Nadira

NadiraNadira (nombre cambiado por protección) es una niña de 10 años que va al colegio.
Empezar un texto así podría parecer algo obvio, porque en nuestros países las niñas van al colegio, pero Nadira vive en Yemen, país en guerra desde hace más de 6 años y medio, donde más de 4 millones de niñas y niños no van a la escuela.
Las bombas las han destruido o las milicias las usan como arsenal de armas, o simplemente, la familia no puede mandarles al cole porque deben trabajar vendiendo o pidiendo por las calles.

Así que el hecho que Nadira esté yendo al colegio es algo extraordinario y maravilloso que es importante proteger. Además, para ella ir al colegio significa no solo el derecho a una educación, sino también la diferencia entre ser una niña o convertirse en esposa.

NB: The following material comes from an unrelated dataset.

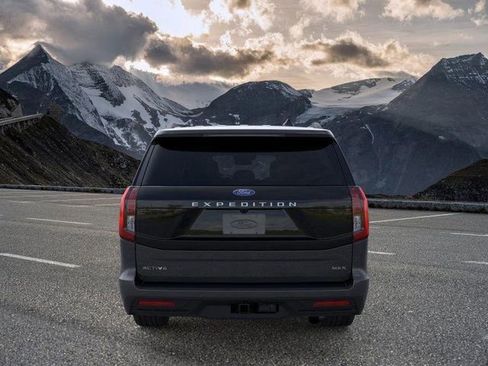 New 2026 Ford Expedition Max Active AWD/4WD image 5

Ella y su hermano Mohamed van y vuelven cada día caminando a la escuela en la capital yemení, Sana’a, desde la lejana Wadi Ahmed, donde viven. Su familia no tiene dinero para el autobús. Apenas pueden pagarles algunas libretas y el uniforme.
Son 6 personas en la casucha alquilada en la que viven, y como tantas y tantas niñas en Yemen, su futuro es incierto, y depende de decisiones que los hombres de la familia tomarán sin que ella o su madre puedan hacer mucho por evitarlas.
Porque Nadira no tiene papá, murió en la guerra, y eso en Yemen significa que ella, su mamá Shaima y sus hermanos pasaron a depender del resto de hombres de la familia.
Shaima trabaja en varias casas, limpiando cocinando, recogiendo leña… y en el fondo de su corazón espera que si cada mes consigue algo de dinero para mantener a sus hijos, podrá evitar algunas de las decisiones que ella no desea para su pequeña familia.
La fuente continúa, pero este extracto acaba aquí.